I've not deep dived into nouveau for a while so wasn't sure if they added cuda support in the past couple of years since I played with it which is why I only said "maybe".

PedroBatista · on June 20, 2019

Why?! NVIDIA is a police and a sovereign state now?

krick · on June 20, 2019

It's a flat fee of $100/month, correct? What would be the best option if the amount of training you do is rather "occasional" (but simply using colab doesn't cut it anymore)?

tootahe45 · on June 20, 2019

I don't have specific experience with ML, but AWS spot pricing is by far the best deal last time i checked for GPU. You can get something much more powerful than a gtx1080 and get your task done more quickly.
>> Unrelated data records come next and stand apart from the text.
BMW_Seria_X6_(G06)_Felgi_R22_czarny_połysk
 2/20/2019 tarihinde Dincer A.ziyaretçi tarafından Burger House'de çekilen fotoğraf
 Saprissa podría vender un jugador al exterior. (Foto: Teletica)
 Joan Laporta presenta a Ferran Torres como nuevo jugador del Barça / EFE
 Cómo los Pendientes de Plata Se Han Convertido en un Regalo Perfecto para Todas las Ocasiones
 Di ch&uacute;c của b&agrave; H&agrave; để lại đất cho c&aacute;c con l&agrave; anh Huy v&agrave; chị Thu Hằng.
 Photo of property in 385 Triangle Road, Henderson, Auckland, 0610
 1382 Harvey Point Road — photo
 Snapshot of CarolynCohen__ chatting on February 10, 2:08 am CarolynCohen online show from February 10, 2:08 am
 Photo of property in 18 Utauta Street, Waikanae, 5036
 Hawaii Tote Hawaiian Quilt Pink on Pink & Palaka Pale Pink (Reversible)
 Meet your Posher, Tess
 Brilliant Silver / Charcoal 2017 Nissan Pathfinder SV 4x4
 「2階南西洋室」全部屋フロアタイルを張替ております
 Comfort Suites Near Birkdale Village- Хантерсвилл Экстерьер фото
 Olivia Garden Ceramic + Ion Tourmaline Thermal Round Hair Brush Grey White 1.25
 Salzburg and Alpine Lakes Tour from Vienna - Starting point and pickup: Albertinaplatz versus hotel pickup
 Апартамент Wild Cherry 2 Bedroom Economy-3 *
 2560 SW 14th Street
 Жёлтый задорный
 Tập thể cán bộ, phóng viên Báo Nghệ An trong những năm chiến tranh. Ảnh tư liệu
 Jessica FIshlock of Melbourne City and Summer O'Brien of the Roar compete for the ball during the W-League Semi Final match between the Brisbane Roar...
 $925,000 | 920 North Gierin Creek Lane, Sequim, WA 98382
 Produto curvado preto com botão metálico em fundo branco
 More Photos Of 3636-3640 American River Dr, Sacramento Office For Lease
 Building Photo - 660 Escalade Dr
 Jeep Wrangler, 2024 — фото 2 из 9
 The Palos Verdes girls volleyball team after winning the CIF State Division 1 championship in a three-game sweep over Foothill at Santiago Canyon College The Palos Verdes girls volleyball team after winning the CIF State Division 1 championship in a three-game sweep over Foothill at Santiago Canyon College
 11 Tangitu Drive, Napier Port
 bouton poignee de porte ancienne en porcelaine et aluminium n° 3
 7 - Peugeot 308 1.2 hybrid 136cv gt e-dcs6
The downside is that at any time your instance can be shut down after a short warning signal to backup your progress, so it may or may not be suitable for what you're doing.

krick · on June 20, 2019

Does the price actually depend on whether you are using a GPU or simply an instance you choose? Let's say you need to do some work that will require a GPU, so you spend 5 hours setting up an environment, doing some light programming/experiments in an Jupyter notebook, downloading datasets, looking at the data. Then you train for an hour then one more hour looking at the data, drinking coffee, stuff like that. Then train again.

So you were using the environment for 10 hour, but only 3 of them in total were using GPU. Will you pay for 10 hours of GPU usage, or will only 3h be expensive and 7h cheap?

cstejerean · on June 20, 2019

If you use a GPU instance you pay the cost for it whether not you use the actual GPU. If the GPU time is short relative to the other stuff you are doing (like data cleanup) it might make sense to do your non-GPU related setup on a different instance first.

icelancer · on June 20, 2019

I have one of these instances. It's awesome and I recommend it highly.